═══ The data

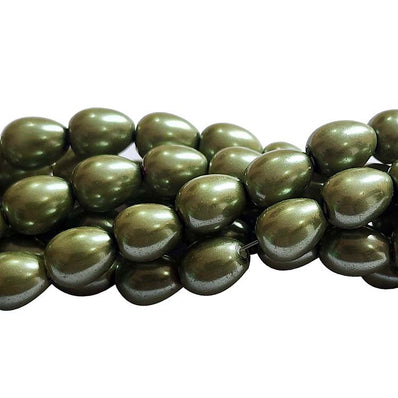 Loose Glass Pearl Beads Drop Shape, in size about7x9mm,  Sold Per 48 Beads, it will come about 16 inches while stringing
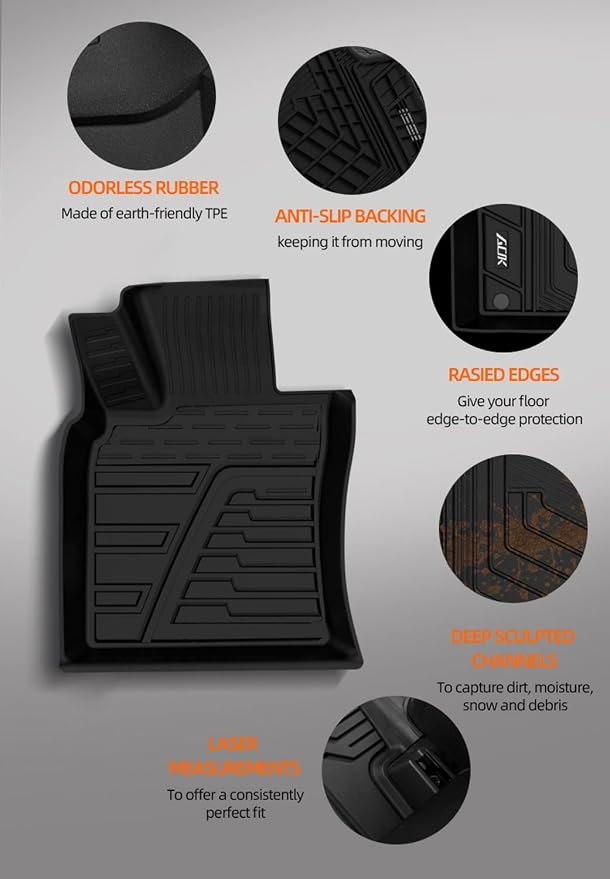 Floor Mats for Tesla Model Y（2021-2025） Custom Fit All Weather Cargo Liner - Image 8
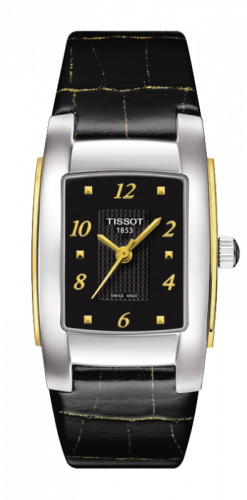 Tissot T-10 Stainless Steel / Yellow Gold / Black T073.310.26.057.00 Tissot T-10 Stainless Steel / Yellow Gold / Black T073.310.26.057.00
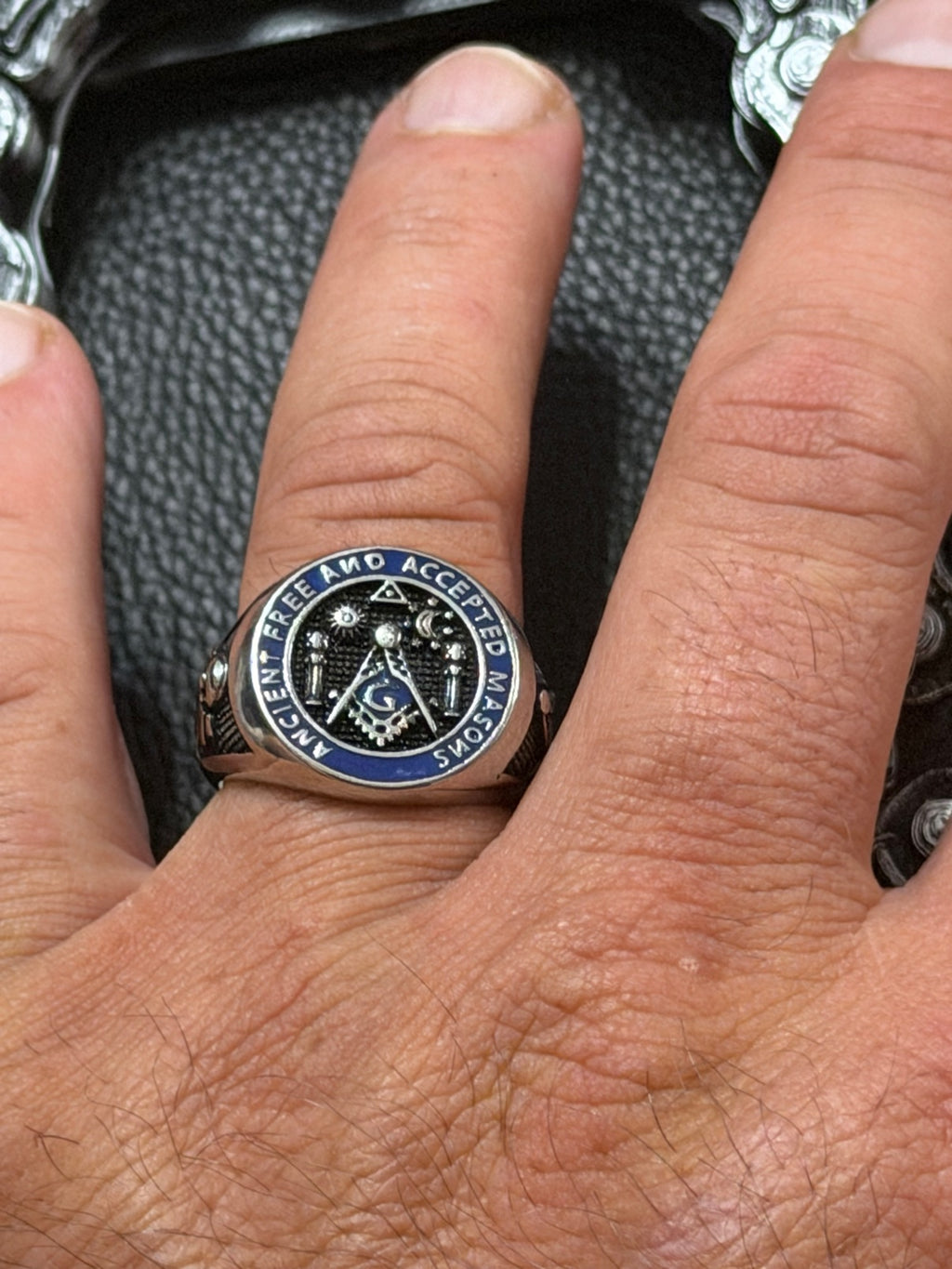 Ancient Free and Accepted Masons Ring Size 9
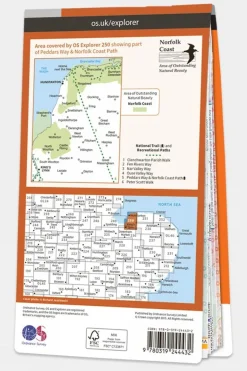 Explorer Map 250 Norfolk Coast West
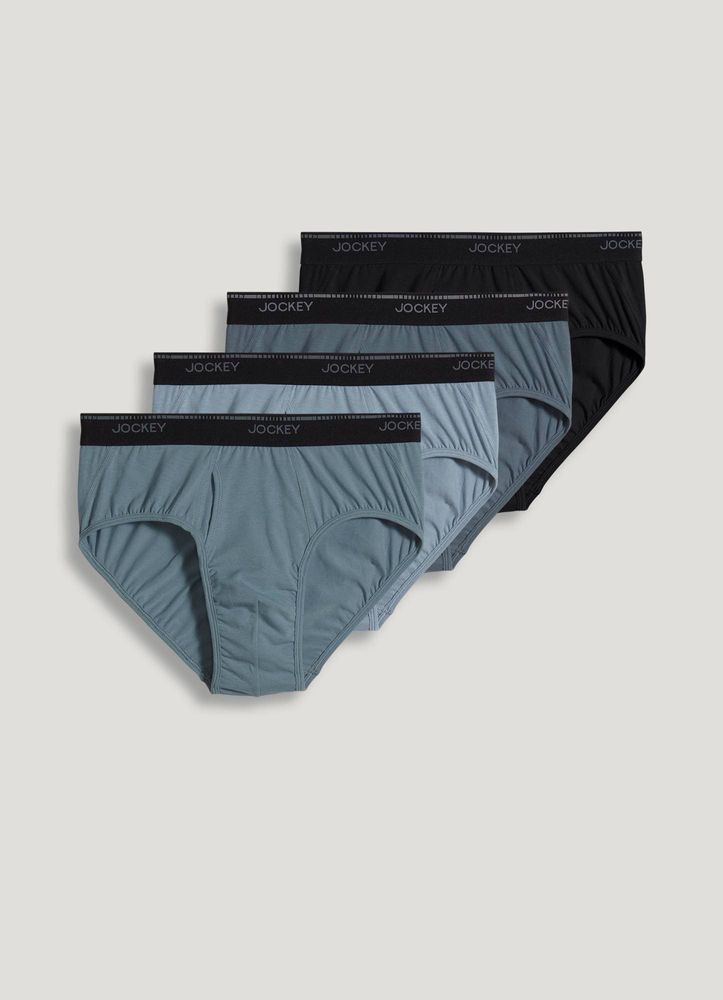 4 Pack Jockey Men's Underwear MaxStretch Brief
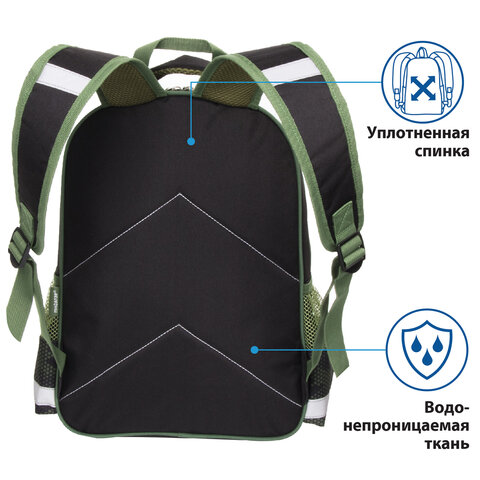 Рюкзак ПИФАГОР SCHOOL для начальной школыTank38×28х14 см229995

══════

Nothing but the lines from the one containing "4 Pack Jockey" through the last line of the records should appear in the copy, exactly as written and without pictures.

Expected answer.
 4 Pack Jockey Men's Underwear MaxStretch Brief
 Рюкзак ПИФАГОР SCHOOL для начальной школыTank38×28х14 см229995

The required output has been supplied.